Special Report

States Getting the Most (and Least) Sleep

46. Michigan
> Pct. of adults getting insufficient sleep:
38.7%
> Avg. number of poor mental health days (per month): 4.1 (8th highest)
> Pct. of adults with heart disease: 5.4% (7th highest)
> Pct. of adults who are physically active: 74.5% (12th lowest)
> Personal income (per capita): $40,556 (15th lowest)
> Unemployment rate: 7.3% (5th highest)

An increased risk of heart disease is closely linked to sleep deprivation. In Michigan, one of the most sleep deprived states in the country, 5.4% of adults have heart disease, a larger share than in all but a handful of other states.

47. Alabama
> Pct. of adults getting insufficient sleep:
38.8%
> Avg. number of poor mental health days (per month): 4.6 (2nd highest)
> Pct. of adults with heart disease: 5.6% (5th highest)
> Pct. of adults who are physically active: 72.4% (8th lowest)
> Personal income (per capita): $37,493 (4th lowest)
> Unemployment rate: 6.8% (10th highest)

In few states is the relationship between a lack of sleep and poor health outcomes more apparent. Alabama has one of worst rates of adequate sleep among adults in the country, and it is also among the worst five in the country in many health problems commonly associated with insufficient sleep, including high blood pressure, heart disease, and stroke.

48. Maryland
> Pct. of adults getting insufficient sleep:
38.9%
> Avg. number of poor mental health days (per month): 3.3 (15th lowest)
> Pct. of adults with heart disease: 3.2% (4th lowest)
> Pct. of adults who are physically active: 78.6% (20th highest)
> Personal income (per capita): $55,143 (5th highest)
> Unemployment rate: 5.8% (24th lowest)

Despite having one of the highest shares of adults who do not get sufficient sleep, Maryland fares much better than most other states in health conditions that can be induced by inadequate sleep.
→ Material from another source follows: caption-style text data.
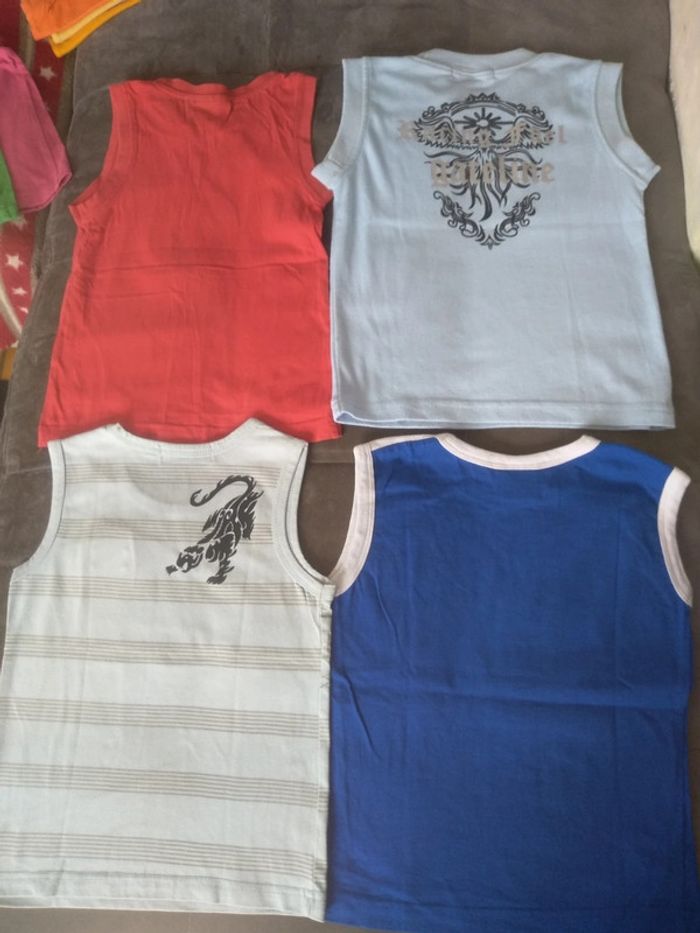 Lot de 10 débardeurs 4 ans - photo numéro 3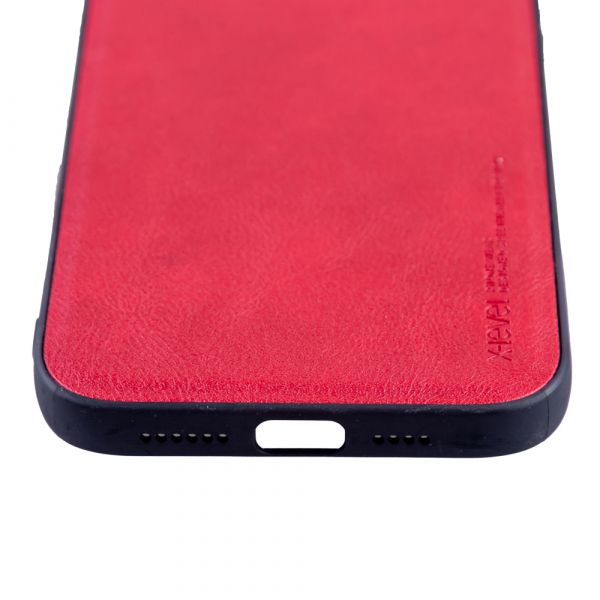 Husa de protectie Loomax, Iphone 12/12 Pro,  piele ecologica, rosu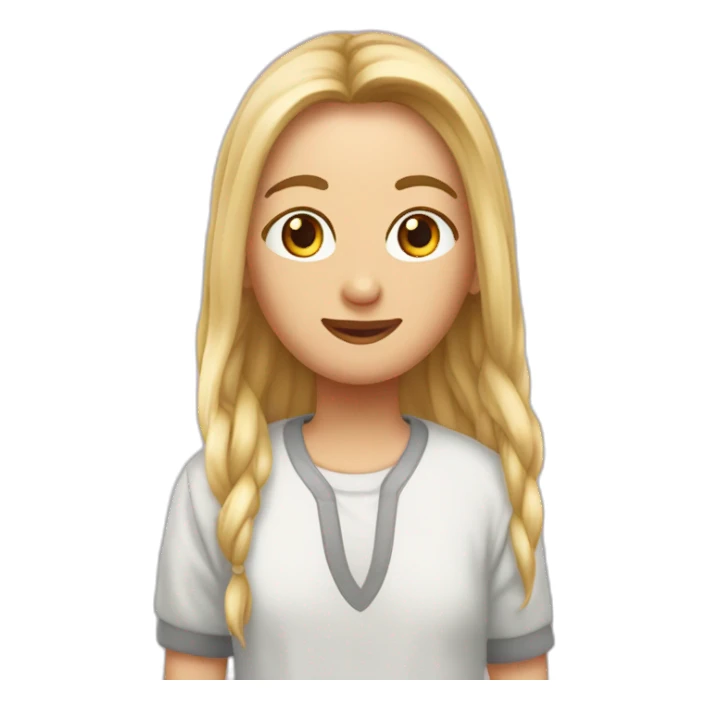 Спящая коза в розовой пижаме sticker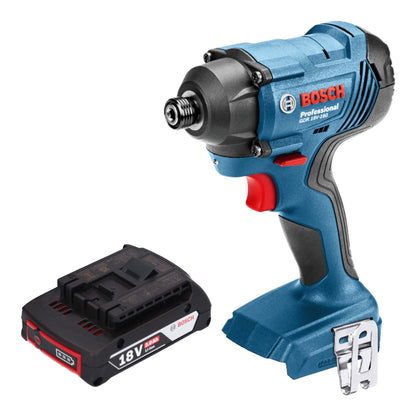 Bosch GDR 18V-160 Professional Akku Drehschlagschrauber 18 V 160 Nm 1/4" + 1x Akku 2,0 Ah - ohne Ladegerät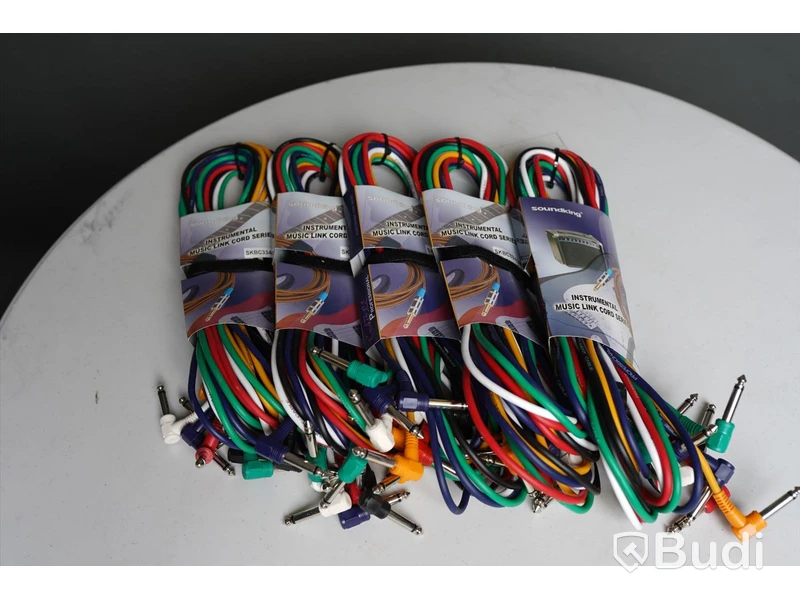 Telekabel 5st paket - Soundking SKBC334 3m. Ny, Obruten förpackning.
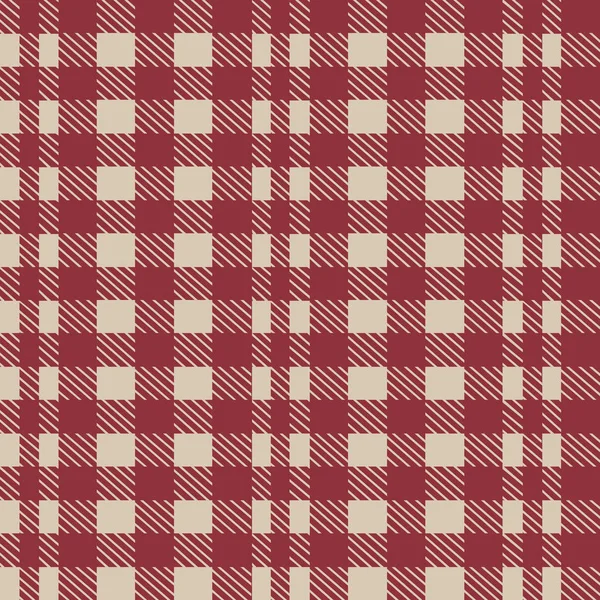 Röd sömlös bordsduk vektor. Sömlös traditionella duk mönster vektor. — Stock vektor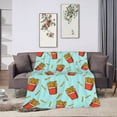thumbnail image 5 of Yibo French Fries Fun Food Throw Blanket Super Soft Warm Bed Blankets for Couch Bedroom Sofa Office Car All Season Cozy Flannel Plush Blanket for Girls Boys Adults, 5 of 7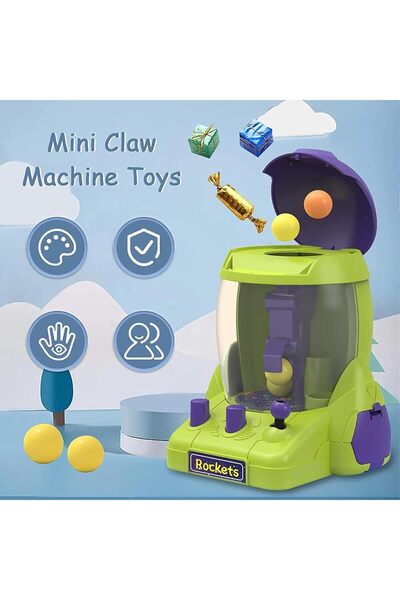 Arabest Mini Space Rocket Claw Machine, Colorful Tabletop Game for Kids, Pare...
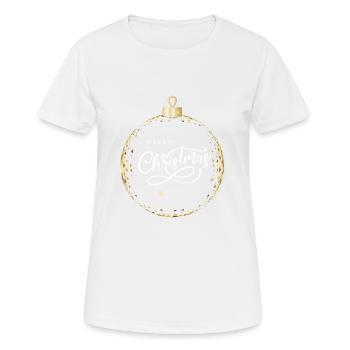 Frohe Weihnachten Deko | XMAS - Frauen T-Shirt atmungsaktiv - Weiß - Vorne - AI Model Female 172 dark (172cm)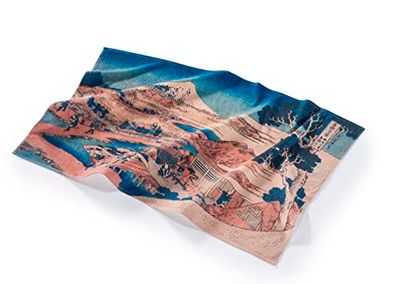 Musearta BT-KH-MF-V424292 Unisex Beach Towel with Mount Fuji by Artist Katsushika Hokusai Cotton 108 x 180 cm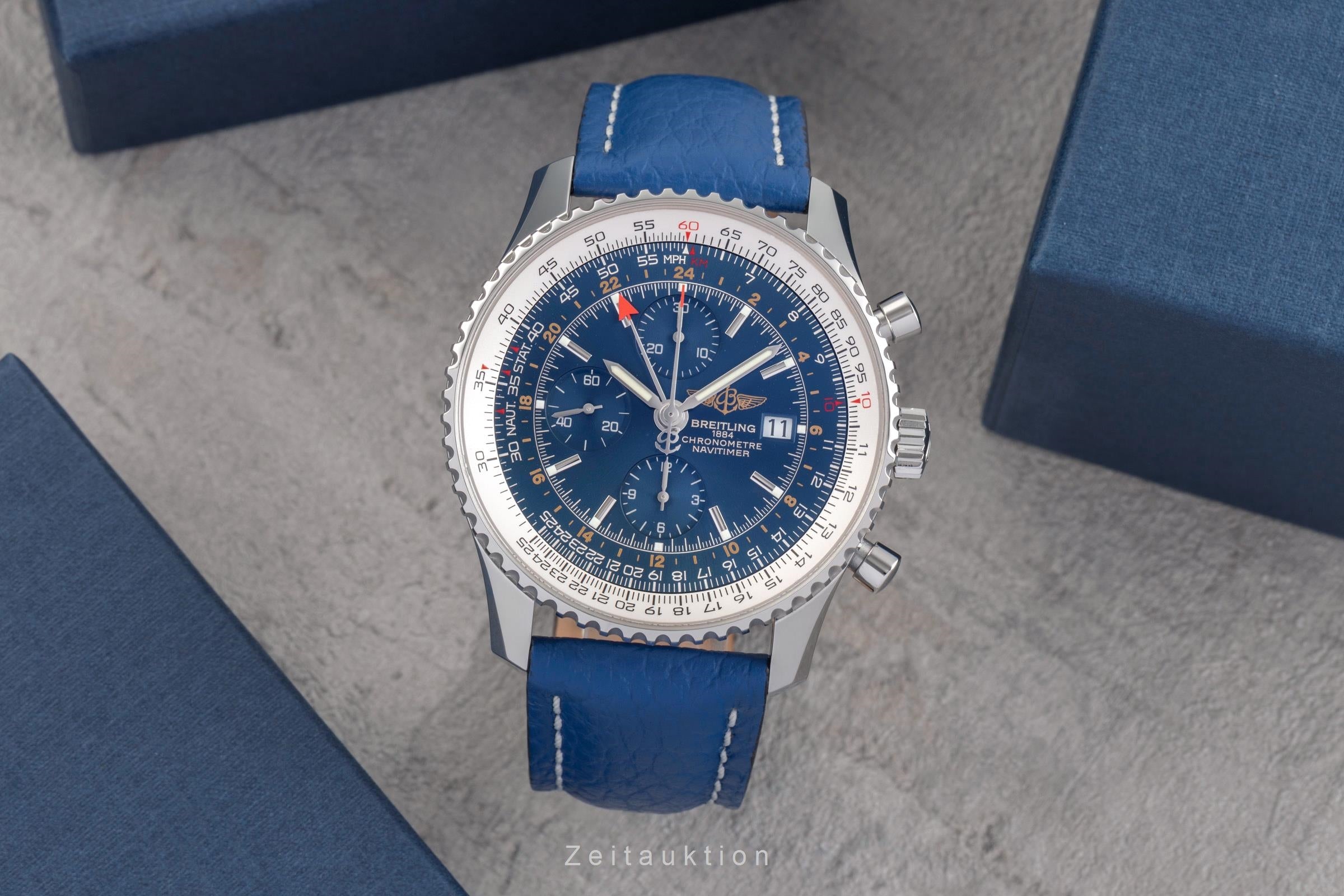 Breitling Navitimer World cronografo acciaio automatismo orologio da uomo A24322  [2504027]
Only 3.2% of adults have heart disease, and 3.1% of adults have reported suffering a heart attack, each one of the lowest shares in the country.

49. Kentucky
> Pct. of adults getting insufficient sleep:
39.7%
> Avg. number of poor mental health days (per month): 4.5 (4th highest)
> Pct. of adults with heart disease: 6.0% (4th highest)
> Pct. of adults who are physically active: 71.8% (6th lowest)
> Personal income (per capita): $37,654 (7th lowest)
> Unemployment rate: 6.5% (15th highest)

Nearly 40% of Kentucky’s population does not get enough sleep every night. This may help explain why the state has extremely high rates of nearly every common life-threatening condition associated with a lack of sleep, including heart disease, high blood pressure, diabetes, and heart attacks.

50. Hawaii
> Pct. of adults getting insufficient sleep:
43.9%
> Avg. number of poor mental health days (per month): 2.7 (2nd lowest)
> Pct. of adults with heart disease: 3.4% (6th lowest)
> Pct. of adults who are physically active: 80.4% (9th highest)
> Personal income (per capita): $46,396 (20th highest)
> Unemployment rate: 4.4% (10th lowest)

Nearly 44% of adults in Hawaii do not get adequate sleep, far and away the highest share in the country. Despite pervasive unhealthy sleep patterns, Hawaiians do relatively well in several related health measures. The link between cardiovascular health and sleep is well established, yet only 3.1% of adults in the state report having had a heart attack, one of the smallest shares in the country. Also, there are only 203 cardiovascular deaths per 100,000 people annually compared to the national rate of 251 deaths per 100,000 people.